Module 5.1

Linear Regression

Overview

Statistical modeling is one of the most powerful tools in data science. We use models for two primary purposes: to explore relationships between variables and to make predictions. Sometimes we are interested in understanding causal relationships (Does oil wealth impact regime type?), while other times we focus on predictive accuracy (Is this policy associated with better outcomes?).

In this module, we will explore linear regression, one of the foundational techniques in statistical modeling. We will learn how to quantify relationships between variables using correlation, fit linear models to data, and interpret the results. Throughout, we will work with real data examining the relationship between a country’s wealth and its level of democracy.

Understanding Relationships Between Variables

When we build statistical models, we need to distinguish between different types of variables. The response variable (also called the dependent variable, outcome variable, or Y variable) is what we are trying to understand or predict. The explanatory variables (also called independent variables, predictors, or X variables) are what we use to explain variation in the response.

For example, if we want to understand what factors influence a country’s level of democracy, democracy is our response variable. A potential explanatory variable is GDP per capita — countries with more wealth might have stronger democratic institutions.

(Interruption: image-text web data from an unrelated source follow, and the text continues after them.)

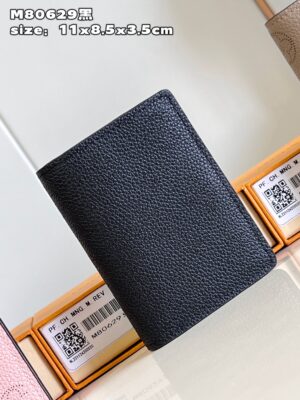 Louis Vuitton Cléa Wallet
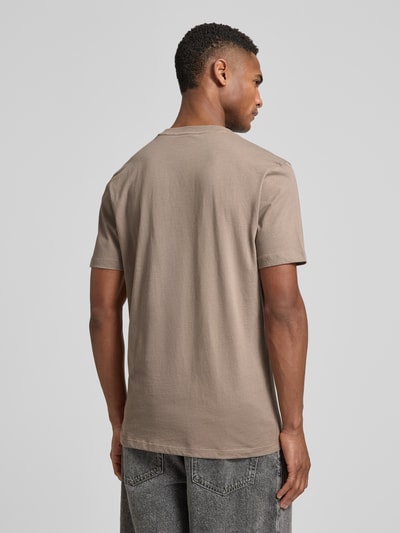 Männermodel trägt Relaxed Fit T-Shirt aus reiner Baumwolle Modell 'DULIVIO' von HUGO, Optik: Unifarben, Ganzkörperansicht Rückansicht.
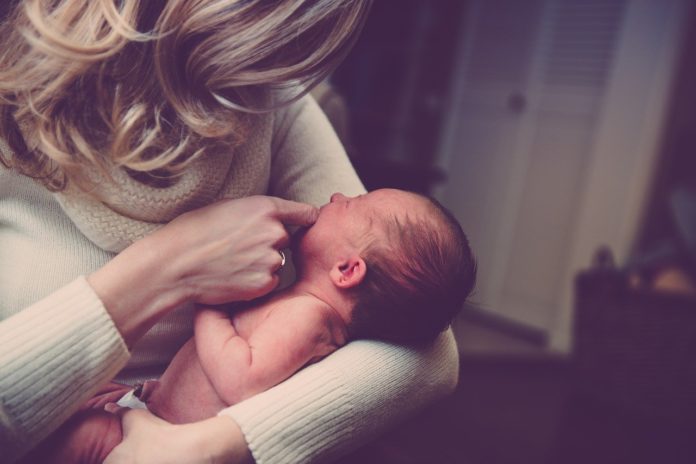 Comment doit-on s’occuper du bébé juste après la naissance ?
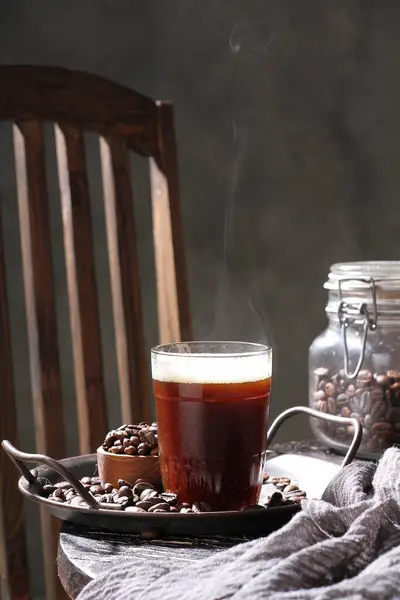Coffee Cup Cinnamon Sticks Wooden Background — ストック写真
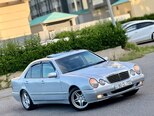 Mercedes E 320-7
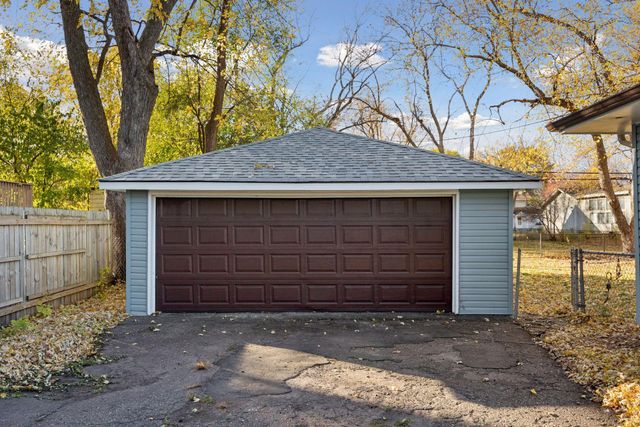 5513 Bryant Avenue N, Brooklyn Center, MN 55430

Let’s load some data to explore this relationship:

library(tidyverse)
library(vdemdata)

model_data <- vdem |>
  filter(year == 2019) |>
  select(
    country = country_name,
    lib_dem = v2x_libdem,
    wealth = e_gdppc,
    polarization = v2cacamps
    ) |>
  mutate(log_wealth = log(wealth)) |>
  filter(!is.na(lib_dem), !is.na(wealth))

glimpse(model_data)
Rows: 174
Columns: 5
$ country      <chr> "Mexico", "Suriname", "Sweden", "Switzerland", "Ghana", "…
$ lib_dem      <dbl> 0.428, 0.583, 0.866, 0.860, 0.606, 0.623, 0.753, 0.246, 0…
$ wealth       <dbl> 34.308, 24.668, 106.746, 109.451, 10.820, 24.104, 88.837,…
$ polarization <dbl> 1.664, -0.642, -1.774, -1.592, -0.500, 0.145, -1.365, 0.6…
$ log_wealth   <dbl> 3.535379, 3.205507, 4.670452, 4.695477, 2.381396, 3.18237…

Here we have data on liberal democracy, GDP per capita, and political polarization for 2019. Let’s visualize the relationship between wealth and democracy. We use scale_x_log10() to show wealth on a log scale since GDP per capita spans several orders of magnitude:

ggplot(model_data, aes(x = wealth, y = lib_dem)) +
  geom_point(color = "steelblue") +
  geom_smooth(method = "lm", color = "#E48957", se = FALSE) +
  scale_x_log10(labels = scales::label_dollar(suffix = "k")) +
  labs(
    title = "Wealth and Democracy, 2019",
    x = "GDP per capita (log scale)",
    y = "Liberal Democracy Index"
  ) +
  theme_minimal()

Important

Here we use scale_x_log10() to transform the x-axis to a logarithmic scale. This is often useful when dealing with variables that span several orders of magnitude. Later, when we fit the model, we will apply the same transformation using log_wealth (the natural log of GDP per capita) as our predictor.

There is a clear positive relationship: wealthier countries tend to be more democratic. Notice the cluster of outliers in the lower right — wealthy but undemocratic states, many of them oil-rich authoritarian countries like Saudi Arabia and the UAE.

Correlation

Before fitting a formal model, we can quantify the strength of the linear relationship using a correlation coefficient. The correlation coefficient (r) measures the strength and direction of a linear relationship, ranging from -1 to +1:

  • r = +1: Perfect positive linear relationship
  • r = 0: No linear relationship
  • r = -1: Perfect negative linear relationship
  • |r| > 0.7: Strong relationship
  • 0.3 < |r| < 0.7: Moderate relationship
  • |r| < 0.3: Weak relationship

In R, we use the base function cor():

cor(model_data$log_wealth, model_data$lib_dem)
[1] 0.5635943

A correlation of about 0.53 indicates a moderate positive linear relationship between log GDP per capita and democracy. The relationship would likely be stronger if not for those oil-state outliers.

Your Turn

Calculate the correlation between democracy (lib_dem) and polarization. How does it compare to the correlation with log wealth? Is it positive or negative, and does the direction make sense substantively?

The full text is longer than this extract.